(Exercise aim): What is needed is an exact copy of the lines from the line holding "Postcard lake luzerne" through the end of the material, with no other lines and no pictures.

(Data block):
--------------------

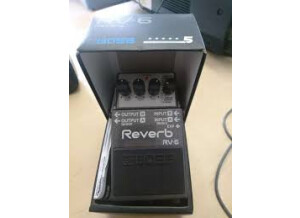 Boss RV-6 Reverb (92621)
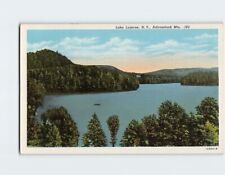 Postcard lake luzerne d'occasion  Expédié en Belgium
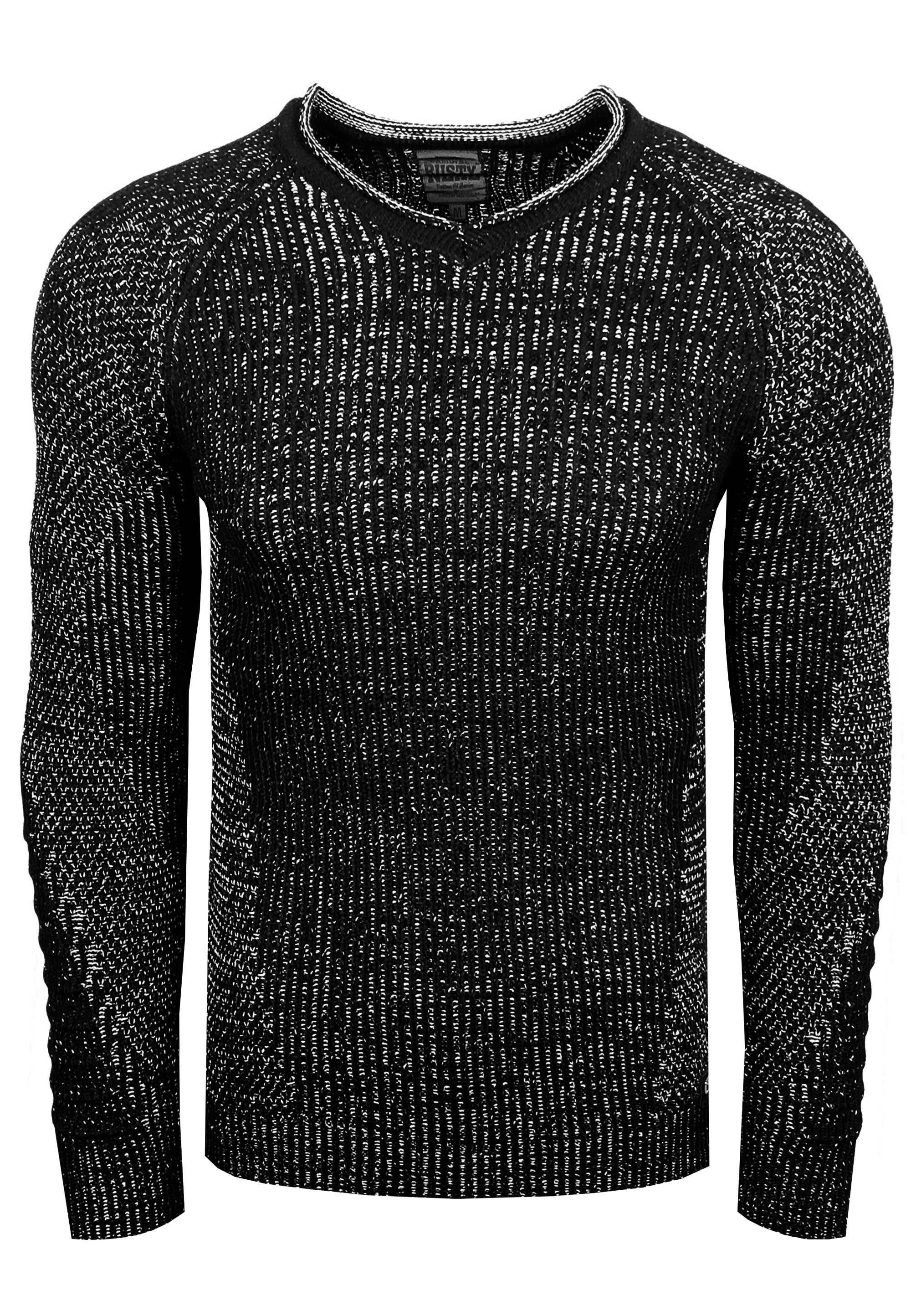 Strickpullover, mit ausgefallenem Strickmuster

--------------------

(Solution):
 Postcard lake luzerne d'occasion  Expédié en Belgium
 Strickpullover, mit ausgefallenem Strickmuster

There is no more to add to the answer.